A "storyboard to screen" featurette (8 min.) shows a side-by-side comparison of several scenes in the film, including the initial fate-spear phenomenon, party sequences, and the pivotal "Grandma Death" scene on Halloween night.

#1 Fan: A Darkomentary (13 min.) is a really disturbing look at an off-the-wall, utterly obsessed fan of the film.  This adult-aged fellow, Darryl Donaldson, borders upon stalker mentality.  His room's adolescent decor must be seen to be believed.  He stalks various cast members.  He stalks Richard Kelly, even!  As a finale, he tricks and kisses Richard Kelly, too.  Smack.  The mind boggles.  On the other side, this hoot-of-a-featurette earned Donaldson a legitimate claim to the crown of #1 fan by the official Donnie Darko website.  Okay, so maybe Donaldson is a harmless loon, but he's still a little freaky.
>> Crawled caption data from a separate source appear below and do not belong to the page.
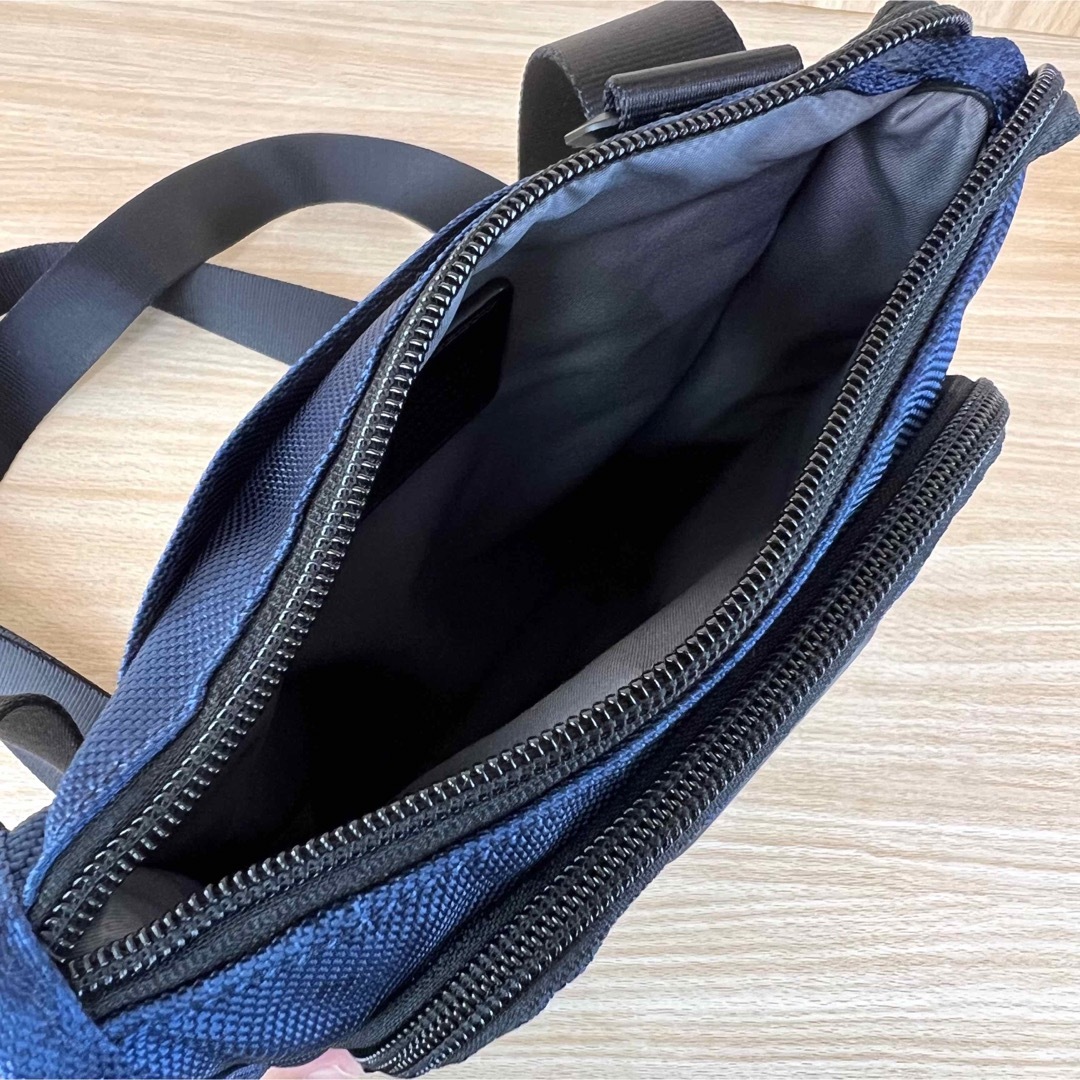 TUMI(トゥミ)の【美品 希少】TUMI ALPHA2 TRAVEL POCKET SMALL メンズのバッグ(ボディーバッグ)の商品写真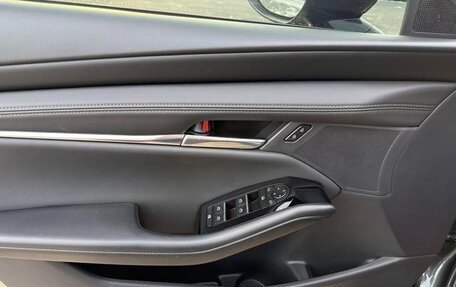 Mazda 3, 2022 год, 1 305 000 рублей, 13 фотография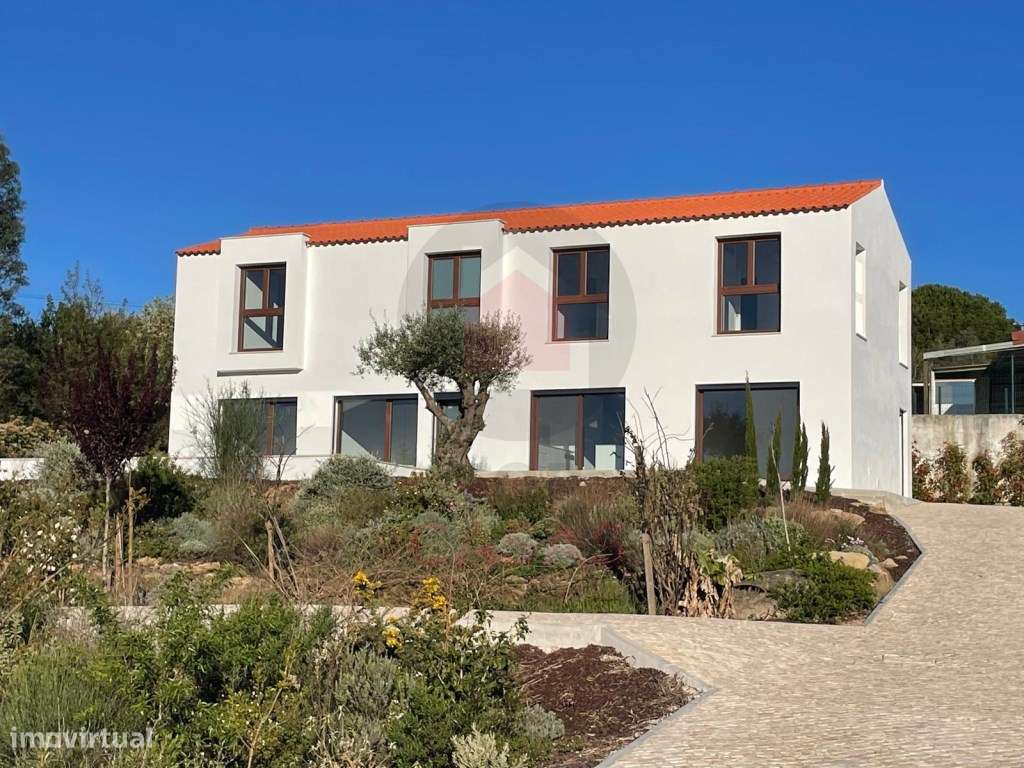 Moradia Moderna com Excelentes Áreas e piscina, no Carvalhal, Bomba... - Grande imagem: 2/60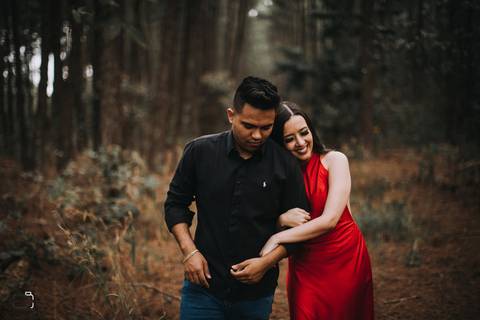 prewedding-wedding-ensaio-namoro-fotografias-ensaiodecasal-casaamento-casamentoemuberlandia-miniwedding-minicasamento-girassolensaio-girassol-danielcustodiofotografo-fotografoemuberlandia-fotografias-casamentolindo-florestadolobo-casamentominimalista'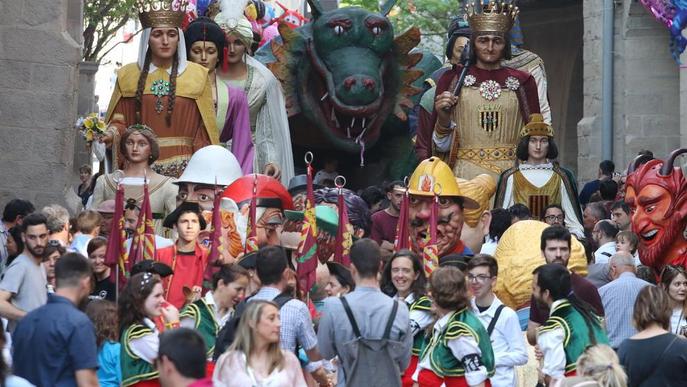 El folklore obre la festa major de Lleida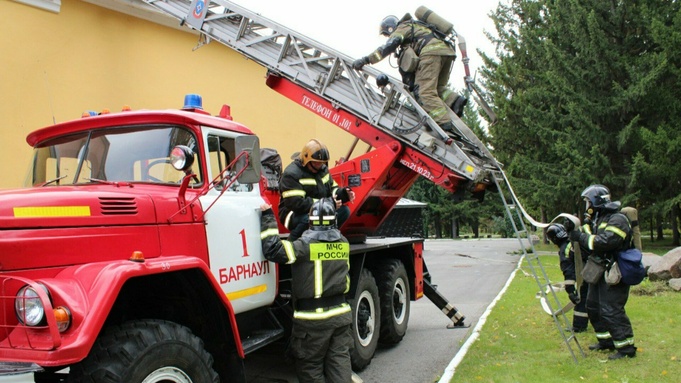 Пожарные учения / Фото: МЧС Алтайского края
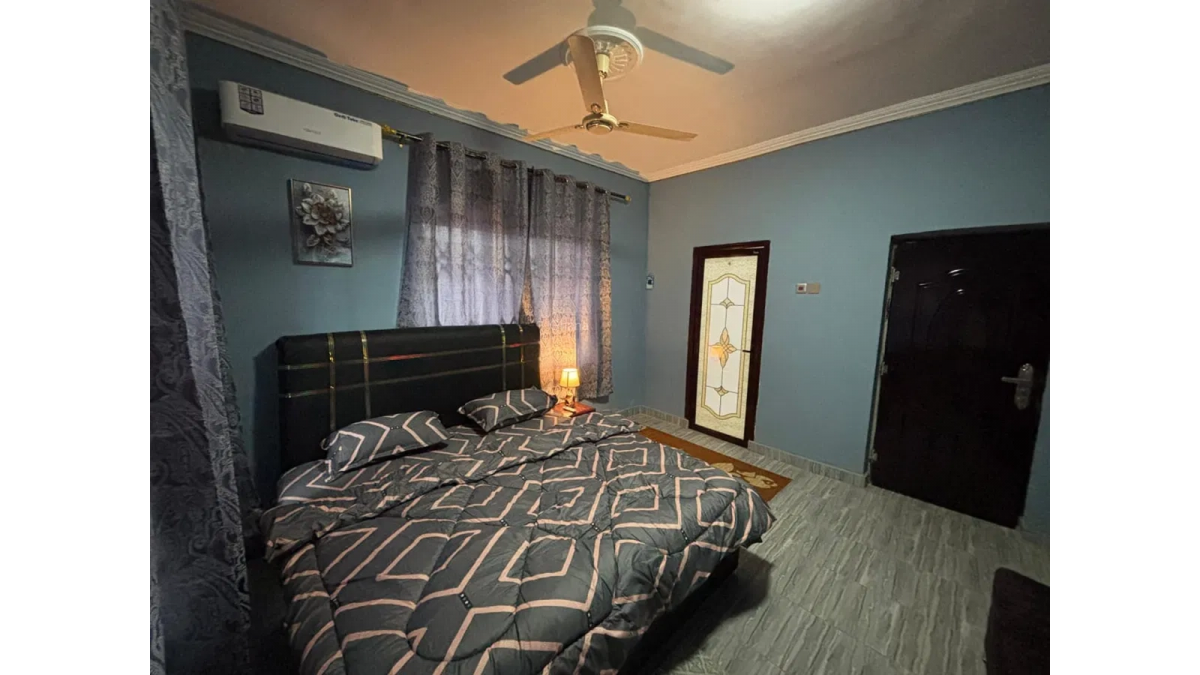 2 bed flat to let, Crown Lodge, Elystan Street - African Land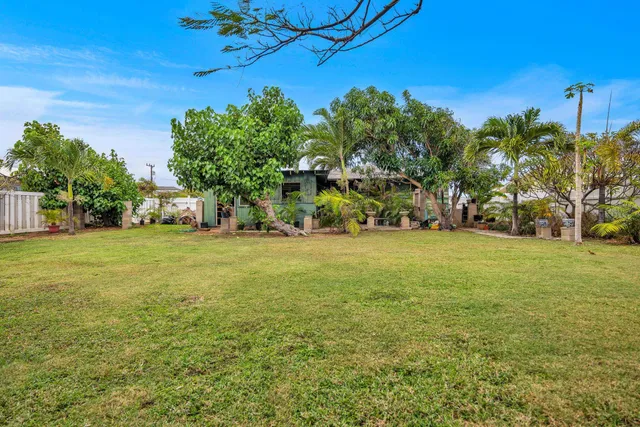 a view of a yard with a house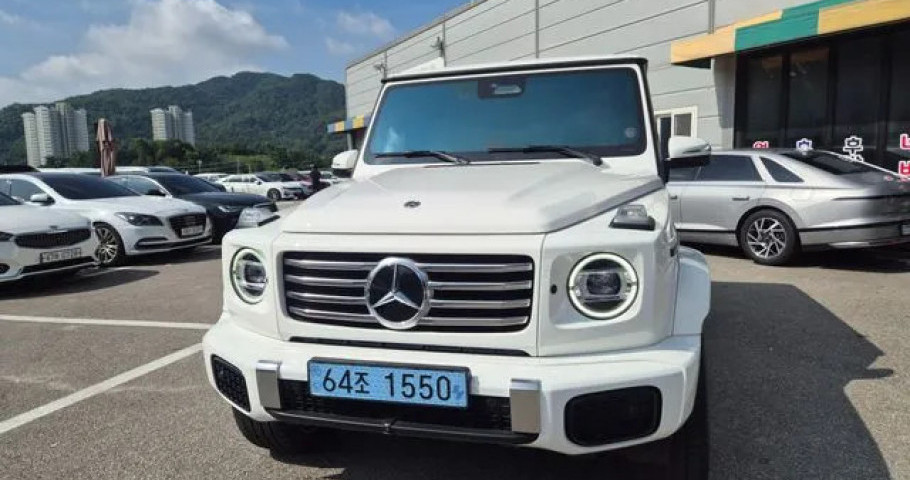 Mercedes-Benz G-Class 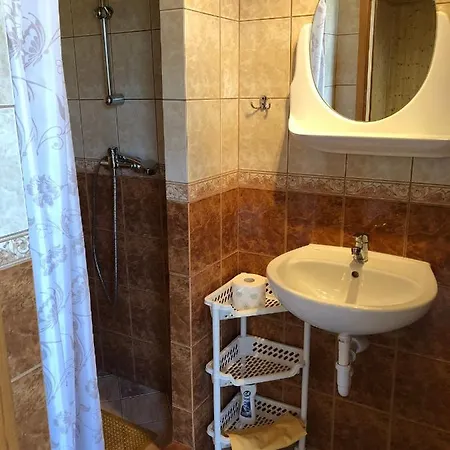 Homestay Nadbrzezna 18a *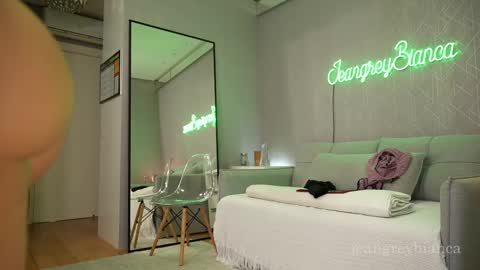 Bianca online show from 02/18/25, 10:25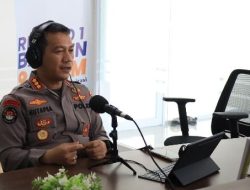 Peringati Hari Bhayangkara ke-80, Kabidhumas Polda Banten Paparkan Capaian dan Prestasi Polda Banten dalam Talkshow RRI Banten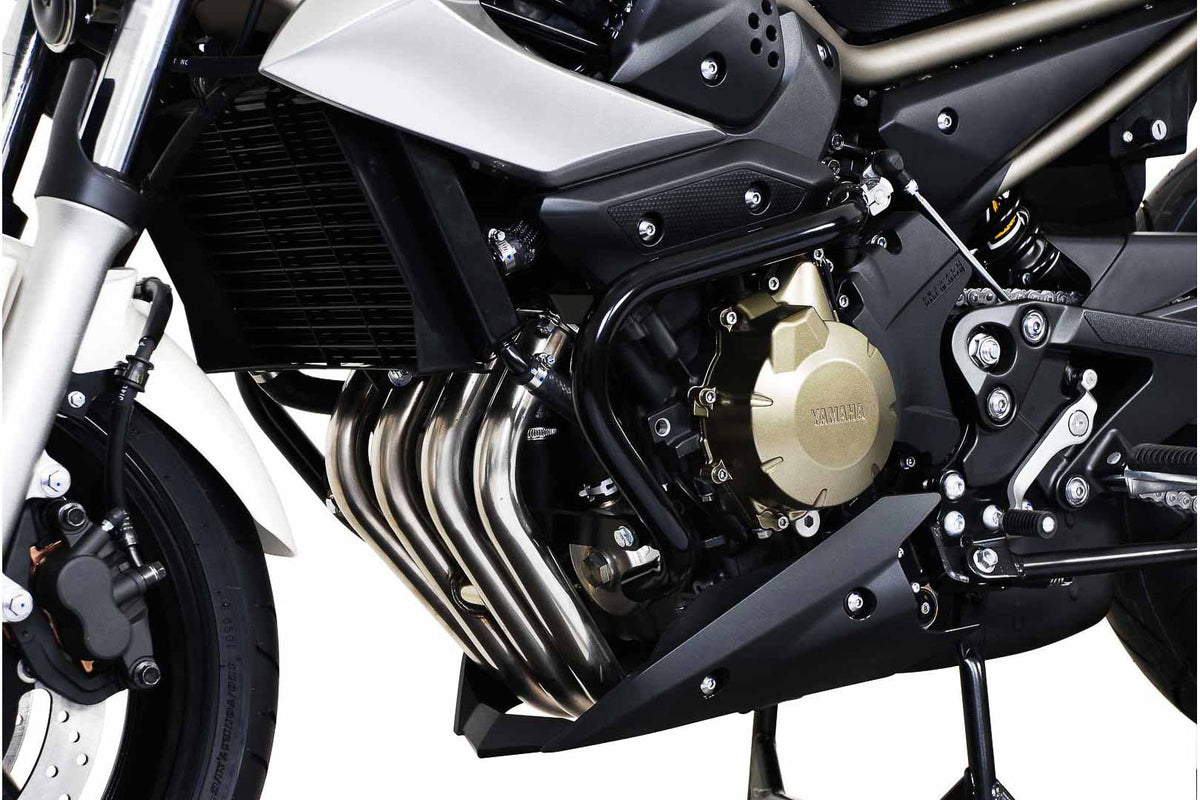 [SBL.06.480.10001/B] Barra di protezione motore Nero. Yamaha XJ 6 (08-).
Lastly, there is the theatrical trailer for the director's cut of Donnie Darko.

Summary:

With a fine cast, innovative story, and exceptional re-watchability, Donnie Darko is a film well-deserving of its immense cult following.  This director's cut of the film is essential viewing for anyone interested in experiencing one of the most unique "horror" films in recent years.